And now this equality of the signs translates, via the green pink and blue
equalities, into the law of quadratic reciprocity. Ready? Pure magic. I hope you
all agree that this is an amazing proof. But of course there are some
itsy-bitsy details left to sort out. I have to explain to you what the diagonal
dealing of the cards is and I have to prove to you that the signs of the three
dealings equal to three parts of the reciprocity formula as indicated. So
plenty to do. Well, actually there's a little less to do than it seems. The
proofs for the green and blue equalities are the same because switching the roles
of P and Q is the same as switching rows and columns and so there are really only
these two equalities. I now get down to proving these two equalities give or
take justifying our secret permutation weapons. As I've indicated the proof
hinges on some properties of the signs of permutations and is a bit too much to
also prove these as well in this video. So for this video I'll only state these
properties and take them as given. Some of you will be very familiar with
permutations but for those of you who aren't don't worry just run with it I
promise my next video will be exclusively about permutations that
video will include the details of what we're using here as well as plenty of
other nifty applications. If you don't know this stuff already and even if you
do you've definitely got something else to look forward to. Okay down to work. In
this chapter I'll prove the pink identity. The key to doing this is to
show how you can calculate the sign of this permutation. Well the sign
of any permutation is simply -1 to a certain power. The minus one bit is
already encouraging, right? We've got a minus one there ... And what is that power
that gives the sign? It is the number of what I call the inversions of the
permutation. An inversion is any pair of numbers in the permutation where the
first number is higher than the second so in that permutation there the seven
comes before the 2 that's an inversion. Here's another one and another one. But
this one that's not inversion 2 and 11 are still in ascending order. Okay so it
turns out our mathematical life depends upon counting those inversions. So let me
show you an ingenious life-saving way to count inversions. For this particular
kind of permutations that we're dealing with here place the cards back in the
grid and keep an eye out for patterns. Let's focus on one of the cards say 5.

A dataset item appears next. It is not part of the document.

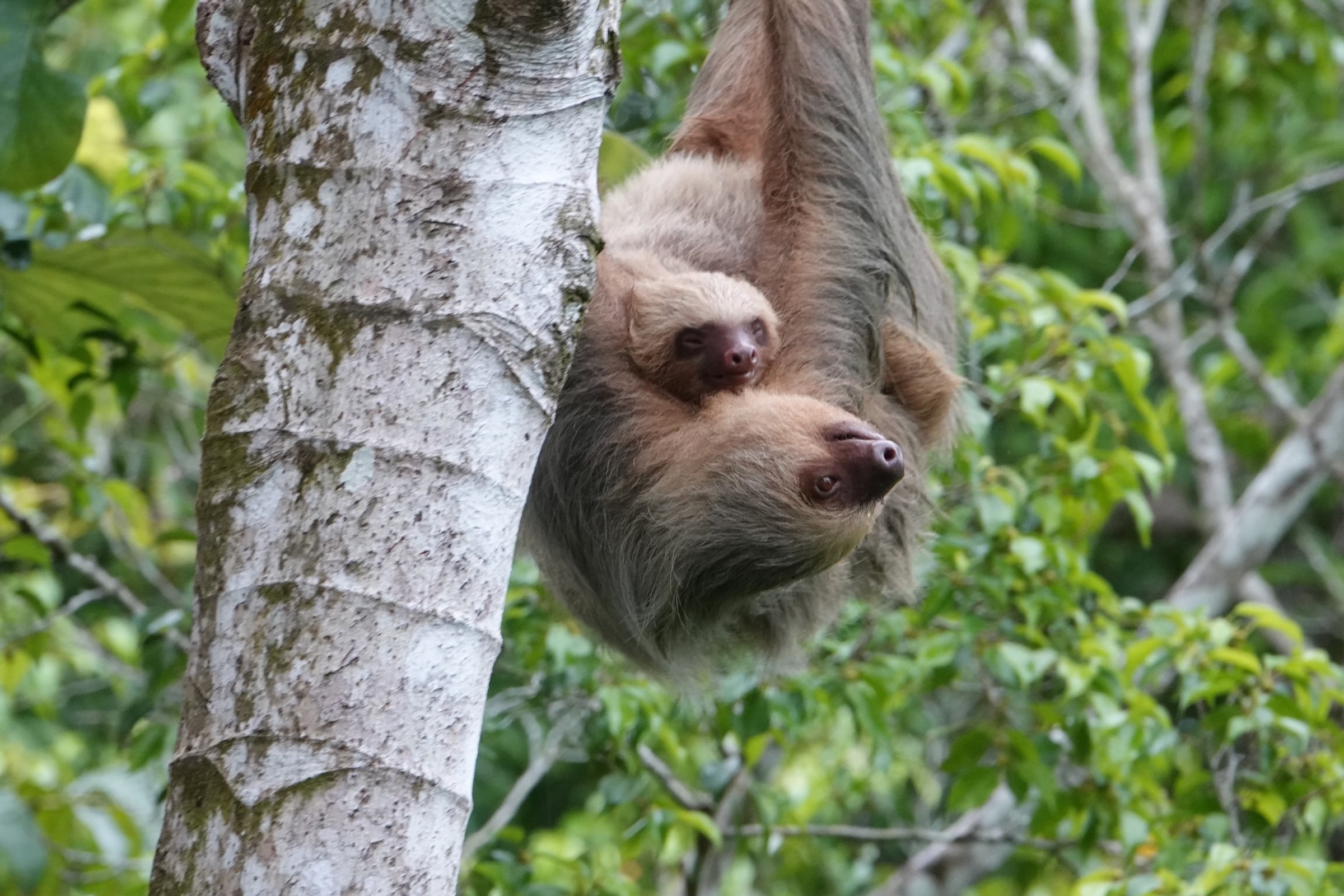 Mother and baby sloth at Villa Los Laureles Costa Rica wildlife sanctuary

Now locate all the cards that together with 5 make an inversion. Check the cards
one at a time. 1 comes before 5 so no inversion. 4 comes before 5 no
inversion either. AHA 7 comes after 5 so we've found an inversion. Next 10
after 5 another inversion, yep, another one, nope, 8 comes after 5 so no
no no, 5 then 3 yep, another inversion. No, no no and finally no.
Anything notable about the location of the other cards around five? Let me show
you how this picture pans out for a few other starting numbers. So there's 8, 10
15. Got it now? The inversions for this particular type of permutation always
correspond to a pair of cards that are placed positively sloped. If they are horizontally or vertically
aligned or if they're placed negatively sloped then no inversion. So is that pair
they're an inversion? Yep positively sloped so it's an inversion. And now for
a very easy way to count the number of inversion pairs we introduce coordinates
for the grid. Now here are two cards in inversion position with their
coordinates (2,1) & (4,3). Hmm the first coordinate 2 is smaller than the 4 and
the same with the second coordinate, the 1 is smaller than the 3. Ok but now it's easy
to capture and count all the inversions. Can you see why? First choose any two
different numbers from 1 to 5 say 1 and 5 those will be the first coordinates of
our two cards, smallest to go in the first card. And then choose any two
different numbers from 1 to 3, say 2 and 3. Those are second coordinates, with the
smaller number again in the first card. There an inversion. Can you see we get
all possible inversions this way? Easy right? And it's also really easy to count
the number of ways of getting these inversions. It's just the number of ways of
choosing the first coordinates times the number of ways of choosing the second
coordinates. So how many ways of choosing the first two coordinates? 5 choices of
numbers and we're choosing 2. So wave your magic wand and chant 5 choose 2 :) and
there you are now the second two coordinates ... wave 3
choose 2. Do you know what these mean they're just mathematicians shorthand
for the number of ways of choosing objects. We'll get to actually
calculating these numbers in a minute. Whatever they are it means the total
number of inversions is 5 choose 2 times 3 choose 2. And what if we start with a
deck of P times Q cards? Then the number of inversions is P choose 2 times Q
choose 2. And that means that the sign of our
permutation is -1, remember -1? :) to that power there. Okay and from here
it's basically algebra autopilot. The formulas for P choose 2 and Q choose 2
are these. You've all seen these, right? Great! And now we can have a little and
well-deserved rest. We'll relax, switch on the algebra autopilot, let it
show us how that power up there equals the power of -1 in the quadratic
reciprocity law, that power there. So these two are supposed to be equal. So
just remember, for quadratic reciprocity the numbers P and Q are odd primes. Okay
ready, get set, relax. Tada, finished :) Really nice isn't it and
we finally captured one of the quantities in our reciprocity law. Time
for a short celebration, don't you think? Okay celebrations is over.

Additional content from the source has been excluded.